Please remember that this graph assumes that your processors are utilized at 100% average prime shift utilization rates.  This is obviously impossible – a much more likely UNIX average prime shift utilization rate is 65% while analysts and customer studies have shown that a typical database average prime shift utilization rate in a consolidated Intel environment is roughly 50%.  Please also remember that this graph makes certain assumptions about CPU clock speeds within each processor family and the amount of RAM accessed and does not represent the entire range of CPU clock speeds and RAM combinations you can choose.

Cost Section

For the following cost categories, please note that subcategory costs may appear even though you may have left the corresponding category unchecked when you selected your desired cost summary.  The costs listed below represent what your costs would be had you selected the option.  You may refer to the table on page 4 of this report to view which categories you selected. 

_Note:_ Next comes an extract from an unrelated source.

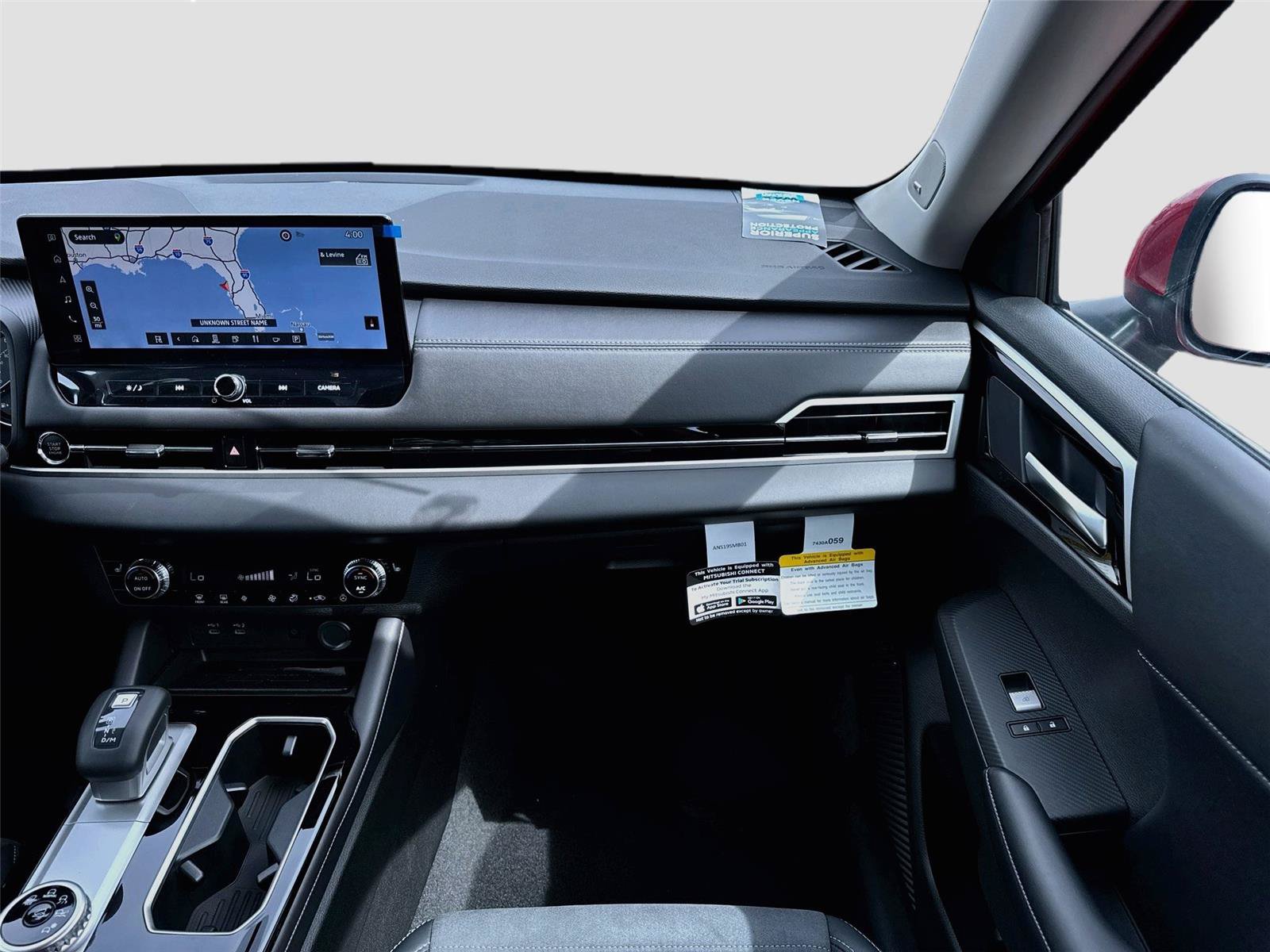 New 2026 Mitsubishi Outlander SE FWD image 29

Current Server Environment

One of the simplest ways to determine server needs is to complete an inventory or assessment of what is currently deployed.  Table 11 lists the servers in use and their respective average utilization rates.  This current server environment will form the base of your costs for your Current Environment and will have a very large impact on your costs if you choose not to consolidate.

Table 11: Hardware Assessment

Microsoft Windows Server 2003 Performance

If you are consolidating your server environment using Microsoft Windows Server 2003 Standard, Enterprise, or Datacenter Edition you should take note of a number of server performance improvements that can affect your overall server requirements and total cost of ownership.  Unlike client-communication related benefits, these server benefits apply irregardless of whether your clients are using Windows 2000, Windows XP, or even Windows 98 or Windows 95.  There are five key performance benefits that CIOview has chosen to include in its TCO model.  You may find that there are other important performance benefits relating to network traffic and directory replication that apply to your unique situation, but you should manually adjust your server requirements to account for these benefits.

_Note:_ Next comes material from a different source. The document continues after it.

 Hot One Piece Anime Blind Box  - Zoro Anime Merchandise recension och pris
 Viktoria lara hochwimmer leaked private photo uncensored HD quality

The five major server performance benefits delivered by Windows Server 2003 are highlighted in the table below and explained on the next few pages.  You can click on any of the five hyperlinks to be taken directly to an explanation of the appropriate performance improvement:

Improved Scheduling

Typically one of the largest brakes on performance in a database environment is not your actual CPU processing capability or even other hardware such as memory or disk dependencies.  Instead, the threading and scheduling technology used to handle multiple concurrent requests such as log-ins, system processes, libraries, and data manipulation can greatly affect performance since all the parallel processing capability in the world is useless if the requests cannot be distributed to your CPUs at the same time.

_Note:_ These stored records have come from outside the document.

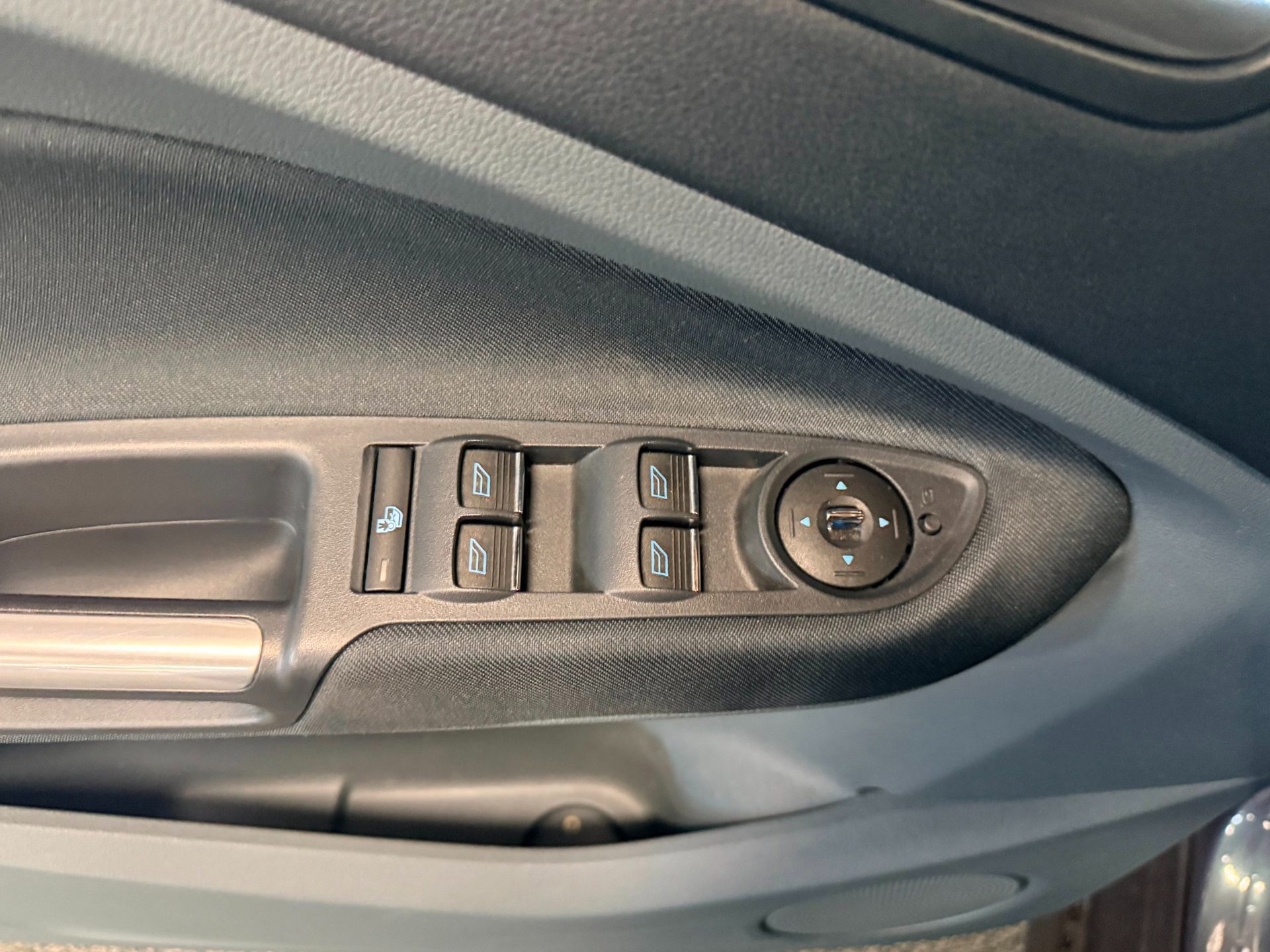 Foto van Ford C-max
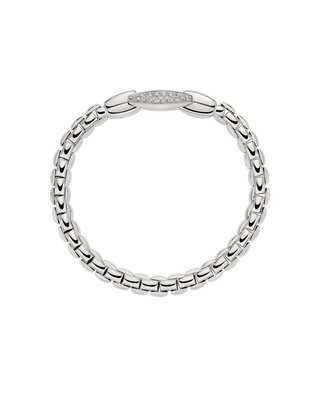 Flex’it bracelet with diamond pavé thumbnail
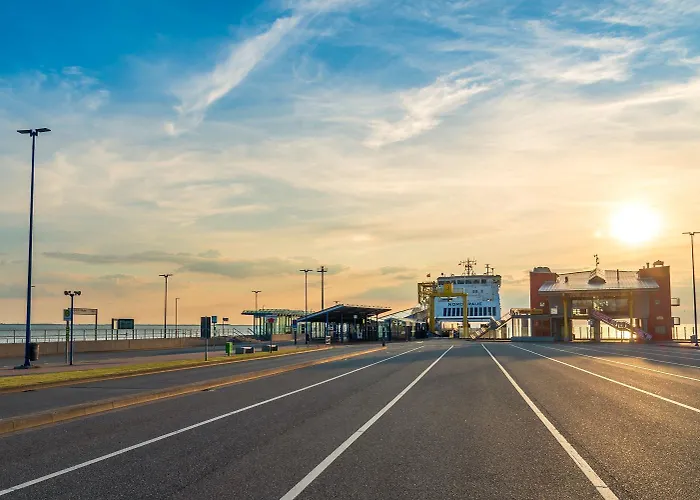 Vadders Hof Appartamento *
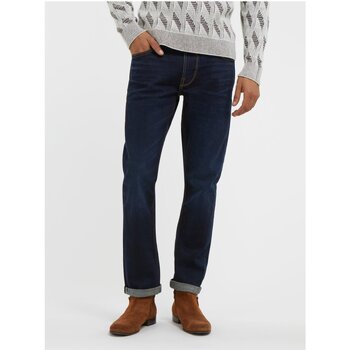 textil Herre Jeans - skinny Guess M3BAS2 D55T1 Blå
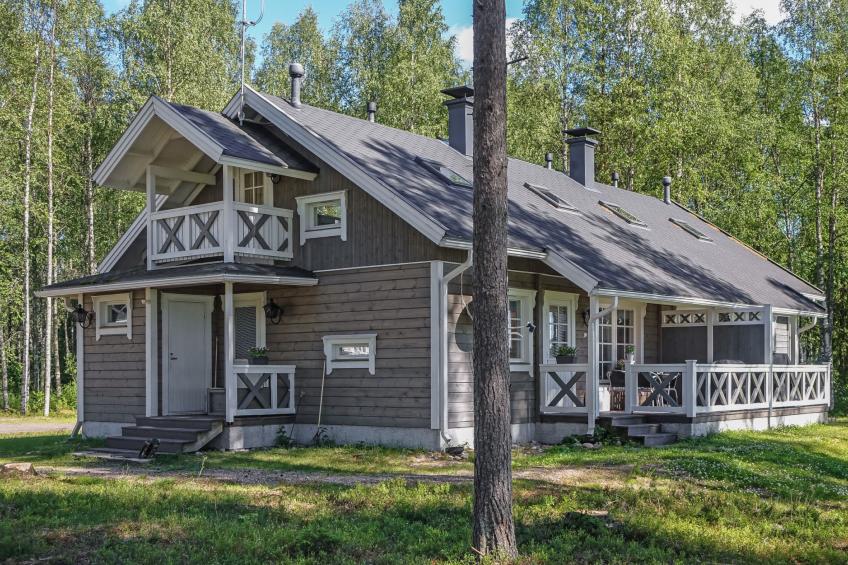 Aallotar kuiskaus - foto 2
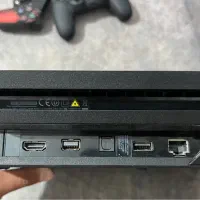 Ps4 pro|کنسول، بازی ویدئویی و آنلاین|زنجان, |دیوار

Improvements in the Windows Server scheduling and threading implementation have the potential to increase your database performance by 10% to 15%.  If you consolidate using Microsoft Windows Server 2003, TCOnow! will automatically adjust your database performance upwards by 10% to account for better threading and scheduling capabilities in the Windows operating system.

Hyper-threading Awareness

Intel's newer 32-bit Xeon processors are equipped with a resource optimization technology called hyperthreading.  Hyperthreading allows each Intel Xeon processor to create two synthetic logical processors.  Each of the two logical processors can accept requests or pass on data but must share the same physical CPU resources.  While this may not seem like much since the physical resources are no greater, tests have shown that using hyperthreading can allow one logical processor to carry out CPU-intense work on the physical CPU while the other processor handles memory and I/O management and other "garbage collection" using free resources.  Hyper-threading can potentially increase performance by 10% to 30% depending on how multi-threaded your application is but will typically improve Intel 32-bit Xeon performance by 15%.

Microsoft Windows NT 4.0 is not hyperthreading compatible at all since it was developed long before hyperthreading existed.  Microsoft Windows 2000 is "hyperthreading-compatible" but not "hyperthreading-aware."  This means that although Microsoft Windows 2000 can use both logical processors associated with a physical processors, it has no way of differentiating between a physical and logical processor.  So if you have a 4-CPU server running Windows 2000 Standard Server Windows 2000 will activate the first four processors its sees - if you try to take advantage of hyperthreading then Windows 2000 will active your first four logical processors which are likely to be on only 2 physical processors and not end up using the rest of the server.  The same sort of difficulty arises when Windows 2000 has to determine which processor to send work to - it may send a request to a logical processor that does not have free resources instead of a logical processor associated with a free physical processor.  For these reasons, Microsoft Windows 2000 is effectively not able to take advantage of hyperthreading's performance capabilities.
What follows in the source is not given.